According to him, World Contraception Day is centred on improving awareness and access to contraceptives, especially in the healthcare centres, in order to enable young people to make informed decisions about their sexual and reproductive health.
Ewuola stressed that young people deserve access to quality and accurate information on safe, effective, affordable, and acceptable contraception of choice.
He said, “We all know that there are gaps that exist in young people’s access to contraceptive commodities. Some of the gaps that exist include (service) providers’ bias, because when young people try to access services, we see some family planning providers being judgmental and asking young people why they are accessing the services
“Sometimes, there is shortage of commodities at the healthcare facilities, and one of the things Pathfinder is doing with the Advance Family Planning project is to ensure that these commodities are made available at any time through adequate funding for family planning because we believe that when the government releases funding to procure commodities, the facilities are able to procure these commodities to young people, and other community members.
“No matter how one may wish to twist the narrative, young people are sexually active. So, it is better we put measures in place to ensure they don’t contract HIV and AIDS as well as other sexually transmitted diseases.”
Also speaking, the Family Planning Coordinator, Bwari Area Council, Mrs Kate Pelemo, identified poor attitude of health workers, fear of family members and relatives, location of healthcare facilities, and poverty as other barriers to the uptake of the services by young people.

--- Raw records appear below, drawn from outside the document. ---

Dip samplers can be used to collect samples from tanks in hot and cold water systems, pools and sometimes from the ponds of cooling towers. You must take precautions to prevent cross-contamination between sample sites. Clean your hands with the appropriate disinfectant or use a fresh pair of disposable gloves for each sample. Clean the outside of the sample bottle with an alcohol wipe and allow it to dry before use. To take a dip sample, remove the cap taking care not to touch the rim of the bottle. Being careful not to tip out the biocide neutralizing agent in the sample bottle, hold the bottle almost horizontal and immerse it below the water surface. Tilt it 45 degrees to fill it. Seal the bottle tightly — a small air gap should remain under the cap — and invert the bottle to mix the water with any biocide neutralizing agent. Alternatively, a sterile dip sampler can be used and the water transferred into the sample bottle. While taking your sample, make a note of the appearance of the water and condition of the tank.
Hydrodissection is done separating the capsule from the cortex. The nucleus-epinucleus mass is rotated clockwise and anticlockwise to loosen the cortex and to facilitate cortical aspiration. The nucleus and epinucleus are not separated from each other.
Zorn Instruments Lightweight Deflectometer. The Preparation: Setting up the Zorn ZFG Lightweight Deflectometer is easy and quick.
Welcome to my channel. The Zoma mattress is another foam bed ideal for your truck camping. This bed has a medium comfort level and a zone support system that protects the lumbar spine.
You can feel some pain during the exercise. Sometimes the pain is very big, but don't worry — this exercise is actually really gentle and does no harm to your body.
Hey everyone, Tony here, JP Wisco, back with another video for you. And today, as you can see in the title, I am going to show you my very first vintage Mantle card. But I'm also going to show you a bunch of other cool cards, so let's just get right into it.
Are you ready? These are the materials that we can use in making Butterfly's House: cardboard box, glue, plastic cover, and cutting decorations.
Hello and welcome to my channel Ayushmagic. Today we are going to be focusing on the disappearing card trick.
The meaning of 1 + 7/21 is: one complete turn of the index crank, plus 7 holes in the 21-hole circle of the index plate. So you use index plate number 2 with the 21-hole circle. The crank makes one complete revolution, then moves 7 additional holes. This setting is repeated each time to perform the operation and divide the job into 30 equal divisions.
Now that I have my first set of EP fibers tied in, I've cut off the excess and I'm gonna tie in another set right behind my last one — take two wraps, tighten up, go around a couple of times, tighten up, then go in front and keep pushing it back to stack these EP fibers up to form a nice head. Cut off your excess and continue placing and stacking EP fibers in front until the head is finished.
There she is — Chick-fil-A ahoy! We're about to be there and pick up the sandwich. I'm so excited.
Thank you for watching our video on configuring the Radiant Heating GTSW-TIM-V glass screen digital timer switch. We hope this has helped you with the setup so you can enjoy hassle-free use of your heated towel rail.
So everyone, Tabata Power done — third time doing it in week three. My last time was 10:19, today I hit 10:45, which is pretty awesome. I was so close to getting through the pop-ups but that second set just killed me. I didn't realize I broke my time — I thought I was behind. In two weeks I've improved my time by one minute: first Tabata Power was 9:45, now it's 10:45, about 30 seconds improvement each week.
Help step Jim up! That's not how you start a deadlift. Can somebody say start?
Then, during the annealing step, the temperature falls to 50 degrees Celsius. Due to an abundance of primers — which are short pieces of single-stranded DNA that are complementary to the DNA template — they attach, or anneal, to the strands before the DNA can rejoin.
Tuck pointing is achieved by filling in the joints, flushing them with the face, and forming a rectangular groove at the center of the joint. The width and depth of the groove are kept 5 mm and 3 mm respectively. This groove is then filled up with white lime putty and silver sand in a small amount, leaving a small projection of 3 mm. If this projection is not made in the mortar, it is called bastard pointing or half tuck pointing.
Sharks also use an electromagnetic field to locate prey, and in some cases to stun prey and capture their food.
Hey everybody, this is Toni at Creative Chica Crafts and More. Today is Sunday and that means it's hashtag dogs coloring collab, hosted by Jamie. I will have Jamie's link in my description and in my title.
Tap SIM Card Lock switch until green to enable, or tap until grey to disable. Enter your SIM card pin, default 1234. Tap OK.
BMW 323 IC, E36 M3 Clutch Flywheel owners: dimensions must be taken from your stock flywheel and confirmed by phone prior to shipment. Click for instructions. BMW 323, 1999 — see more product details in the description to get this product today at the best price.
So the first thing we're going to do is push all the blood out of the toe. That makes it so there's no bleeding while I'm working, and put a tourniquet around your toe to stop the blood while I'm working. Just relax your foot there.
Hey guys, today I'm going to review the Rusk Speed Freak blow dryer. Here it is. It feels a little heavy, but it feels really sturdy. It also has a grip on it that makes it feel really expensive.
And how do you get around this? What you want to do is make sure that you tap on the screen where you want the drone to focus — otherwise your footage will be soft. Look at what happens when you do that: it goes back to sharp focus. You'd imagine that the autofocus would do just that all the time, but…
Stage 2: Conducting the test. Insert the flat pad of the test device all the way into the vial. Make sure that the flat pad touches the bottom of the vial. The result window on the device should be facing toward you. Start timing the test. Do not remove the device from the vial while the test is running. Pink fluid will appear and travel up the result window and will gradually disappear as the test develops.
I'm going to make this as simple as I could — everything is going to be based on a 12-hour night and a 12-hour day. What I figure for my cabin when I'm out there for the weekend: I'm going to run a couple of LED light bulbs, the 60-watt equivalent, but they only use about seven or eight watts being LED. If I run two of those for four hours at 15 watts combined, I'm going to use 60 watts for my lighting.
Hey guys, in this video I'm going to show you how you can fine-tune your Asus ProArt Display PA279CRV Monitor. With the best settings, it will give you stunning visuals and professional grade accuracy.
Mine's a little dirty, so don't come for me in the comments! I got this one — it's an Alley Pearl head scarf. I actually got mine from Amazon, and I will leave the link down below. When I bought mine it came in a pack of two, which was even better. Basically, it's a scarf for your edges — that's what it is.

“In Nigeria, there is a low level of access to contraceptives among young people. Many of the youths do not make use of family planning services.
“There are still a number of factors that they point at as reasons for not accessing family planning services at healthcare centres which include; long distances of sources, poor attitude and services of healthcare workers, limited knowledge and skills of providers, fear of meeting a family or relative at the facilities and cost, among others,” she added.
On his part, Bright Iyiola of the Youth Friendly Clinic explained that social discrimination and stigma are still major factors fueling contraceptive access gaps for young people in Nigeria.
For Eunice Sharia, a community advocate said religious belief was one of the challenges to uptake of family planning services by youths in community settings.
She, therefore, stressed the need for stakeholders to develop strategies that target religious and decision-makers in the communities through timely engagements, saying this will go a long way in overcoming the barrier.
Above all, the discussants recommended a multi-dimensional approach to remove the identified barriers and address the challenges facing the use of contraceptives and the uptake of other family planning services by young people.